Image-text web data
Segment Open
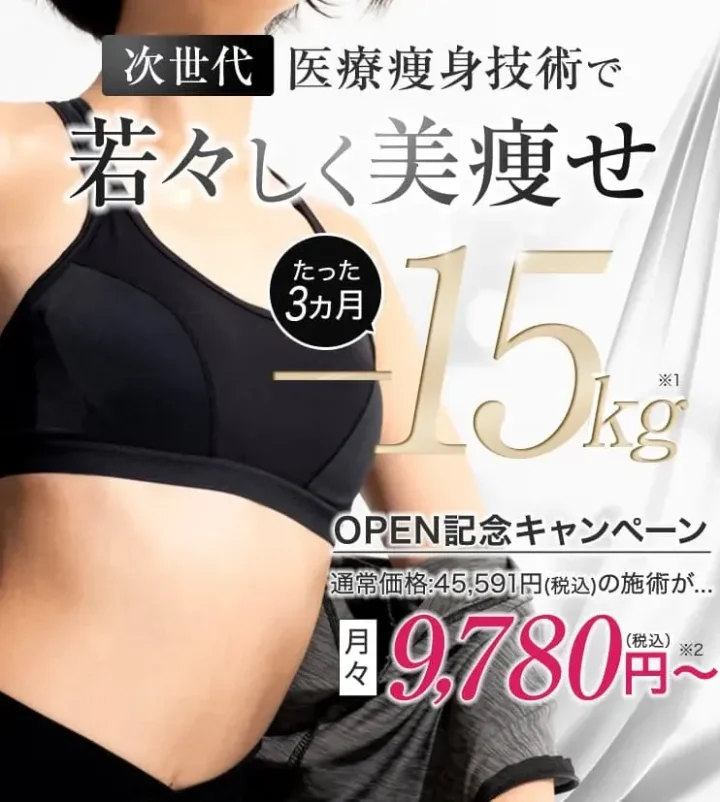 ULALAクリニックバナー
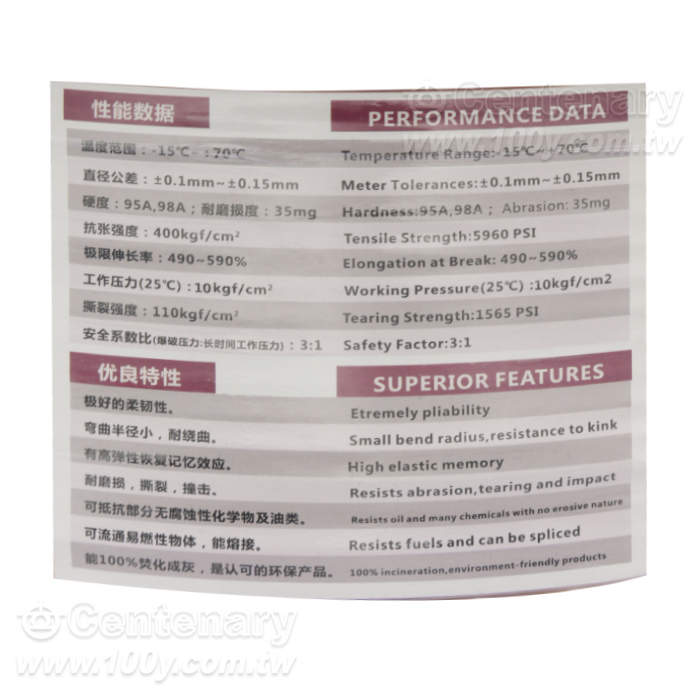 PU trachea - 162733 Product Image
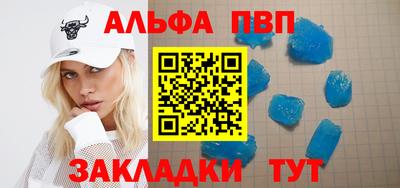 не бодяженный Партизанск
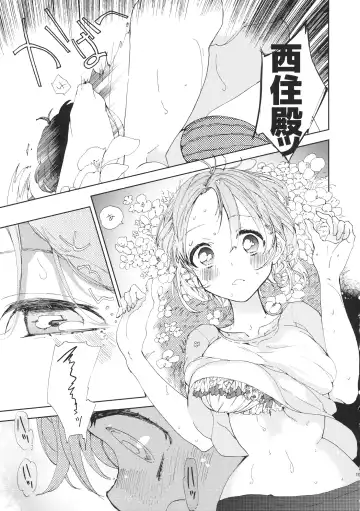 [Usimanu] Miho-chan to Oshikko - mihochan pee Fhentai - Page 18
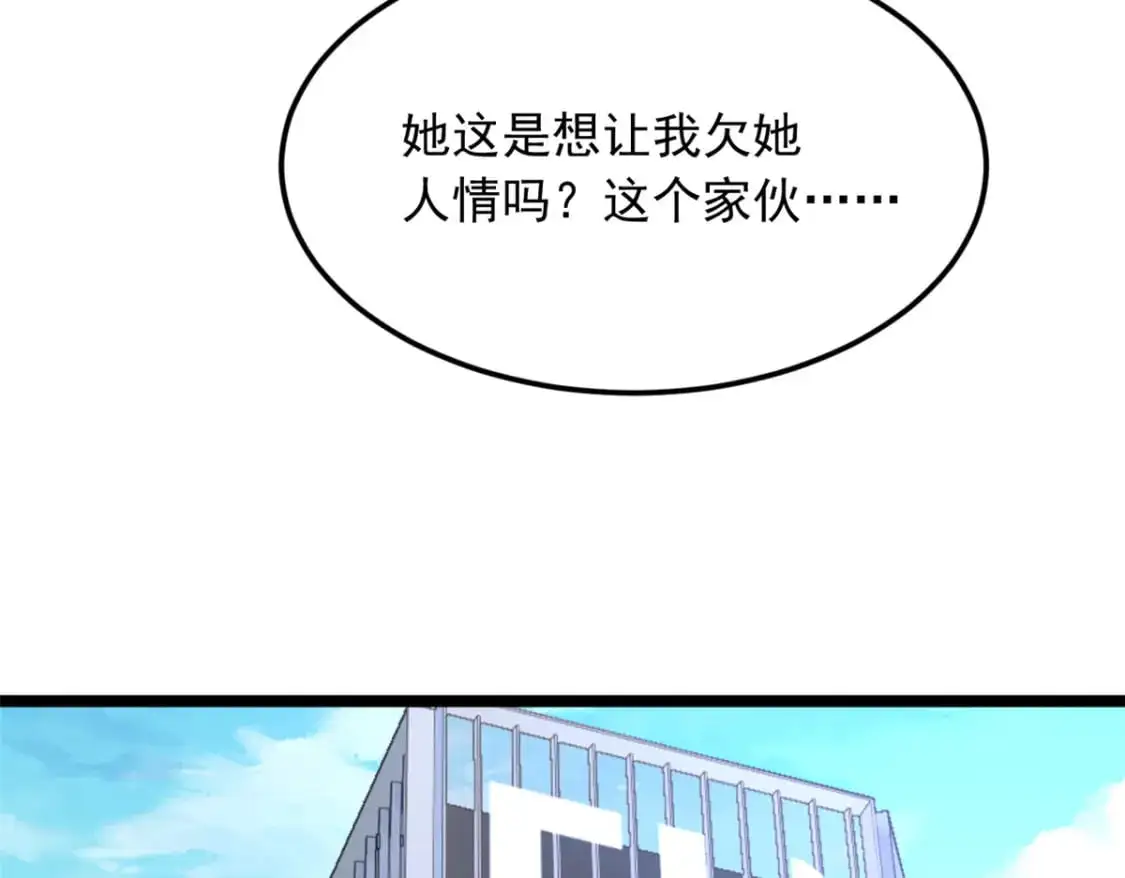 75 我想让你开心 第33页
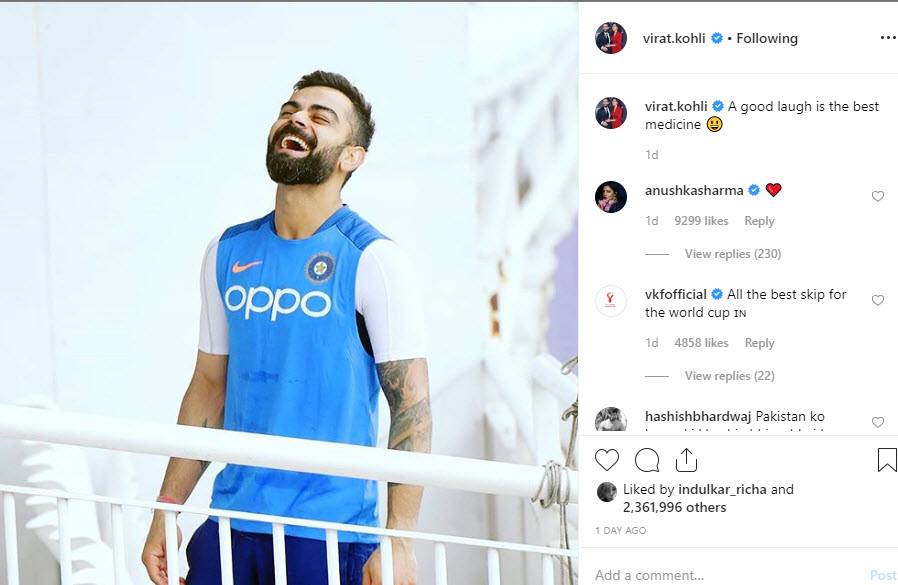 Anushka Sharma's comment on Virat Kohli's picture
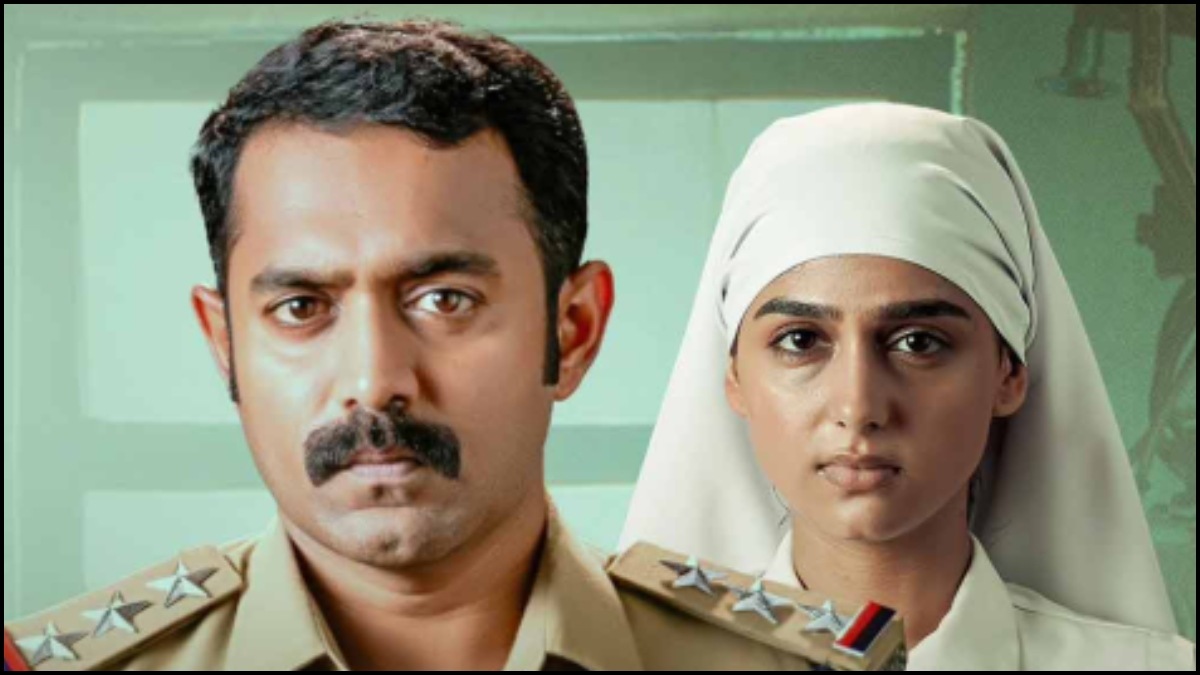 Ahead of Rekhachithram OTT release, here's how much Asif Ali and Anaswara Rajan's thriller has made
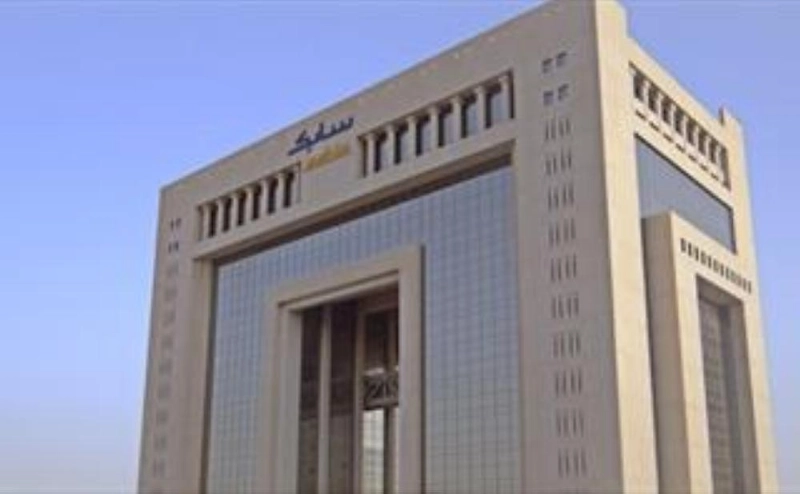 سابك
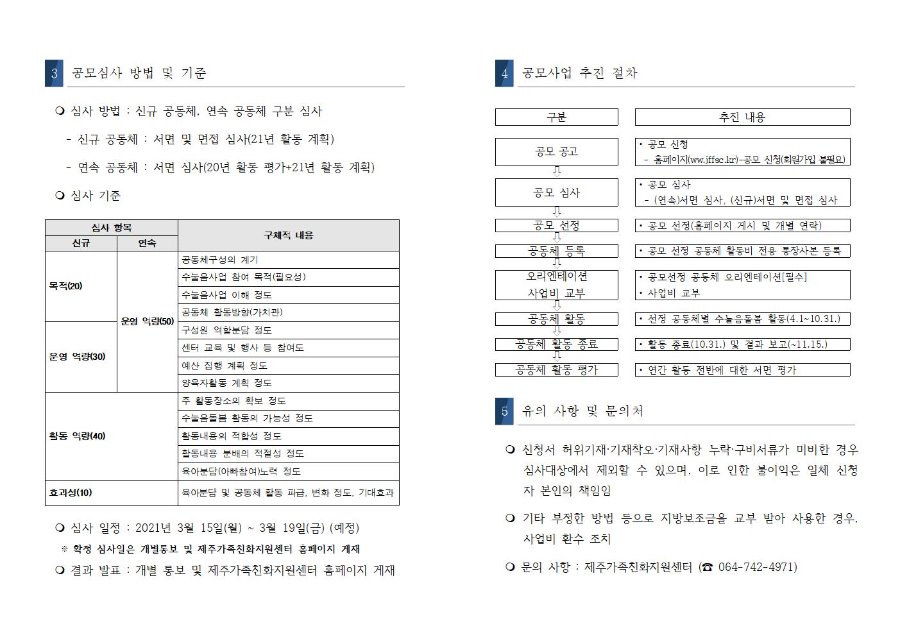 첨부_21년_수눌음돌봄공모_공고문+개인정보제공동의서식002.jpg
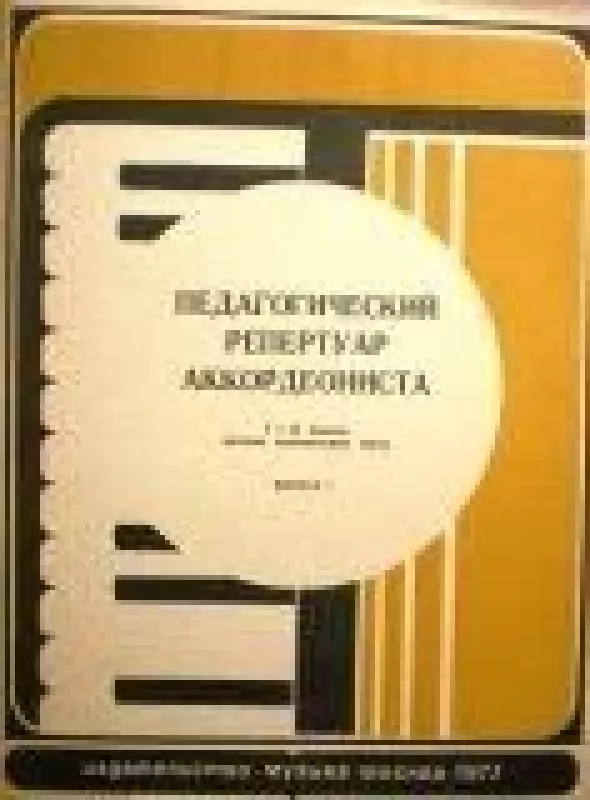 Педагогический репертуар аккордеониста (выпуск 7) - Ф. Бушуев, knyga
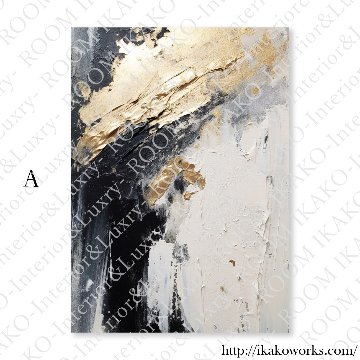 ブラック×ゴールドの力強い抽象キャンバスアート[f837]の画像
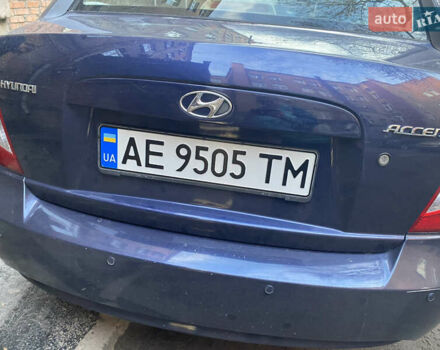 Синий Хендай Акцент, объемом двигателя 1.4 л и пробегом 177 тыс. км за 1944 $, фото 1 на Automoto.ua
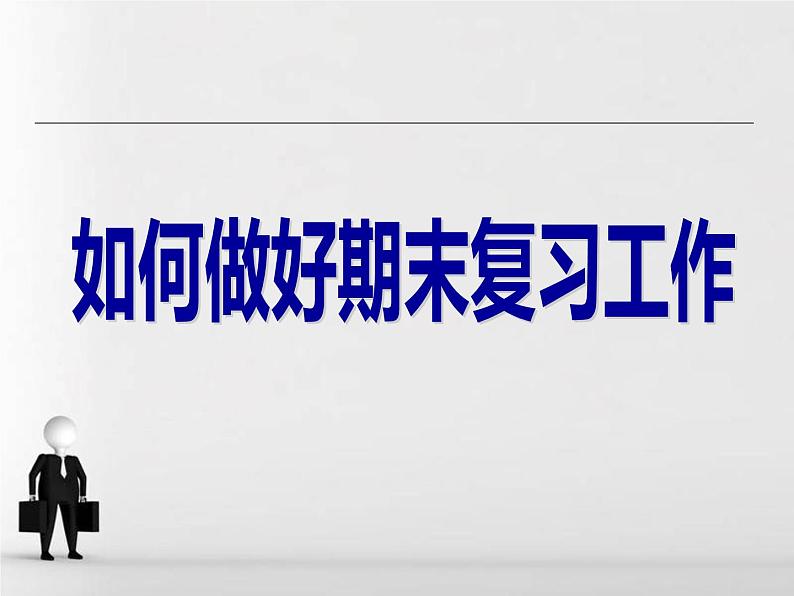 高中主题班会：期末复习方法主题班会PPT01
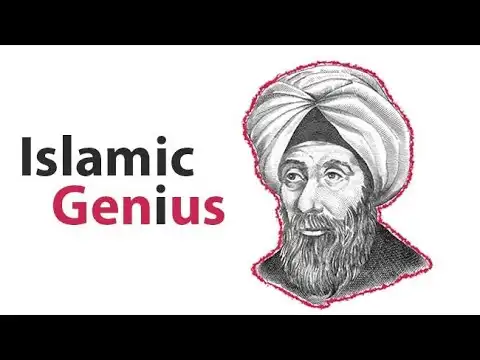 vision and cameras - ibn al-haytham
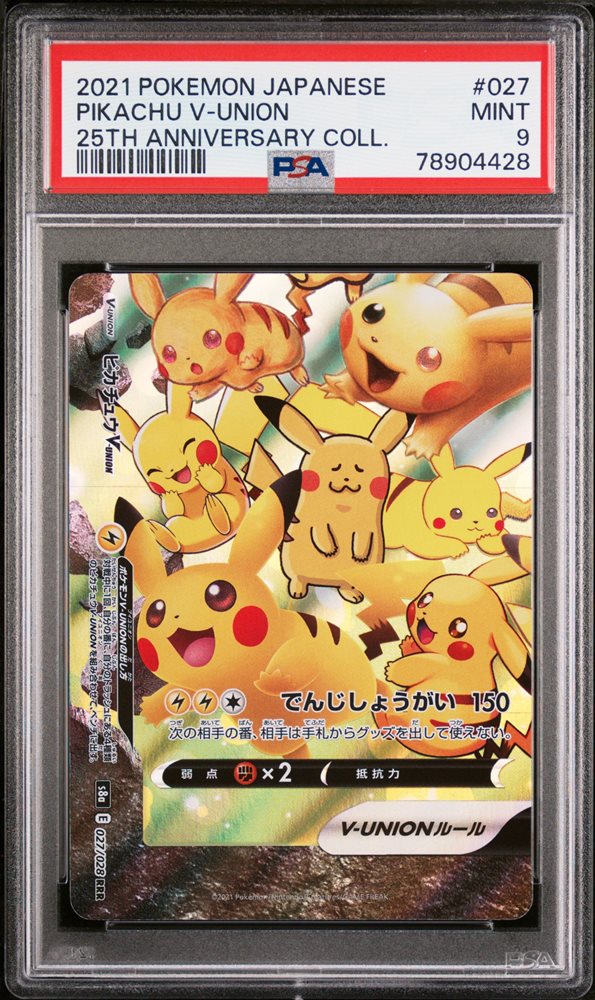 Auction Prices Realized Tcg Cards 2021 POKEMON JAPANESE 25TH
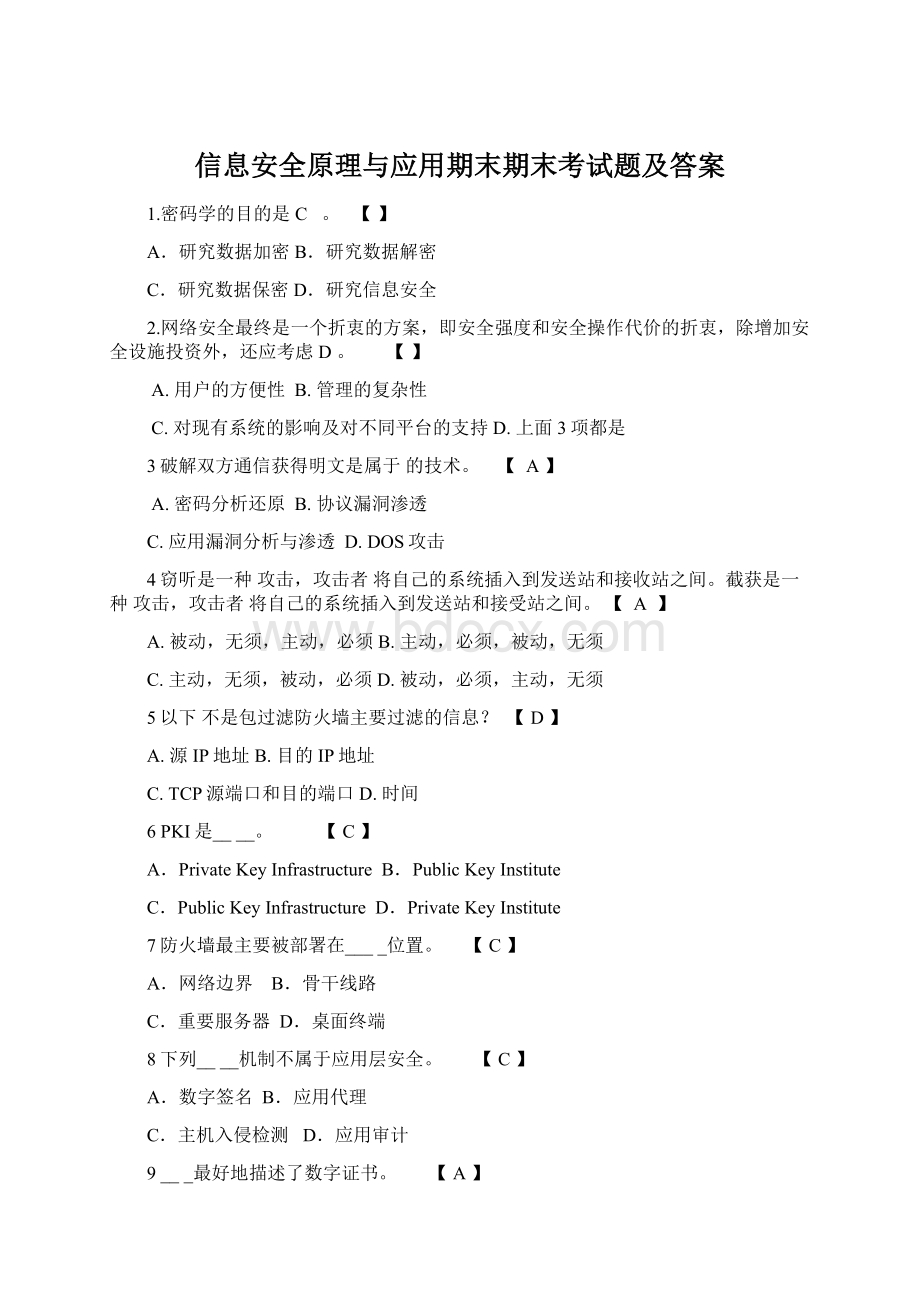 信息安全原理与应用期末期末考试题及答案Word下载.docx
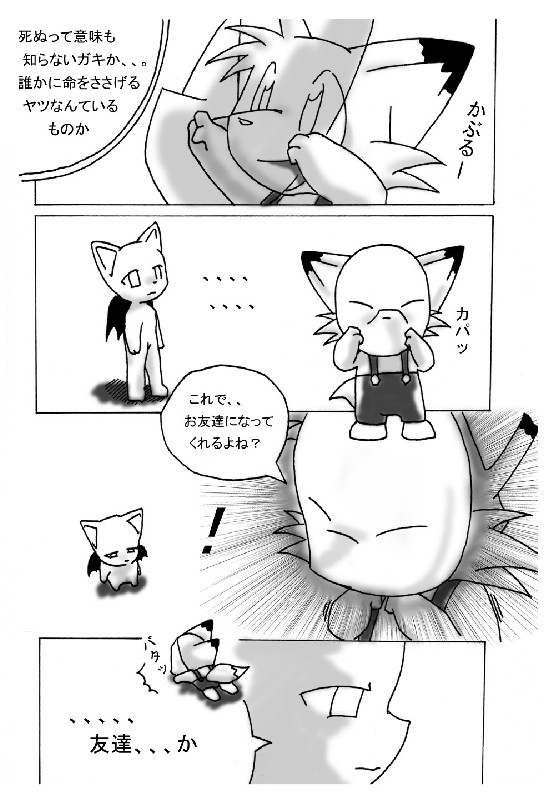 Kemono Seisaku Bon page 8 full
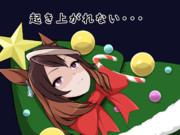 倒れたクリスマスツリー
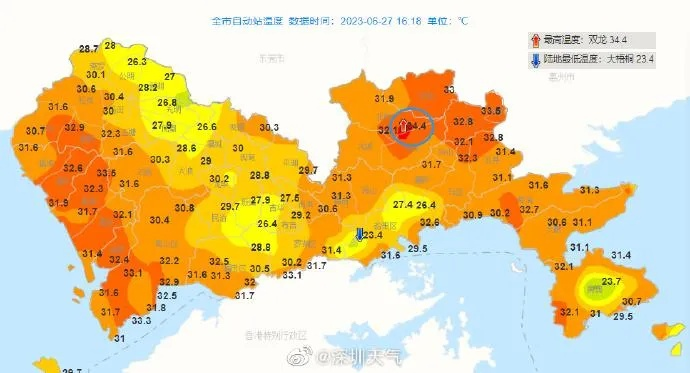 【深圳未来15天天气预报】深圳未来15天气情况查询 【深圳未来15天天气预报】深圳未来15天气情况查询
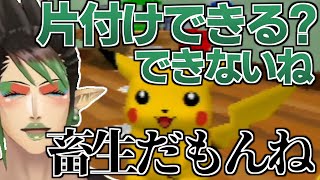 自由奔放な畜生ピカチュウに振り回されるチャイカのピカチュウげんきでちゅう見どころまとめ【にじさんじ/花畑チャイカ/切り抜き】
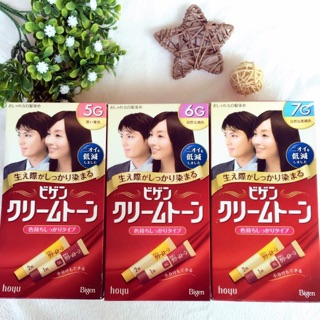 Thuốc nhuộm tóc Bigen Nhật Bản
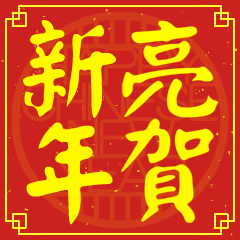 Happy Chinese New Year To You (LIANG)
Segment Closed
Exercise brief
Beginning with the line containing "ブラック×ゴールドの力強い抽象キャンバスアート[f837]の画像" and ending with the last line of the data above, repeat each line exactly. Include no pictures and no other lines.

Reply to the task
 ブラック×ゴールドの力強い抽象キャンバスアート[f837]の画像
 Синий Хендай Акцент, объемом двигателя 1.4 л и пробегом 177 тыс. км за 1944 $, фото 1 на Automoto.ua
 高中主题班会：期末复习方法主题班会PPT01
 vision and cameras - ibn al-haytham
 Auction Prices Realized Tcg Cards 2021 POKEMON JAPANESE 25TH
 信息安全原理与应用期末期末考试题及答案Word下载.docx
 Kemono Seisaku Bon page 8 full
 倒れたクリスマスツリー
 【深圳未来15天天气预报】深圳未来15天气情况查询 【深圳未来15天天气预报】深圳未来15天气情况查询
 自由奔放な畜生ピカチュウに振り回されるチャイカのピカチュウげんきでちゅう見どころまとめ【にじさんじ/花畑チャイカ/切り抜き】
 Thuốc nhuộm tóc Bigen Nhật Bản
 Happy Chinese New Year To You (LIANG)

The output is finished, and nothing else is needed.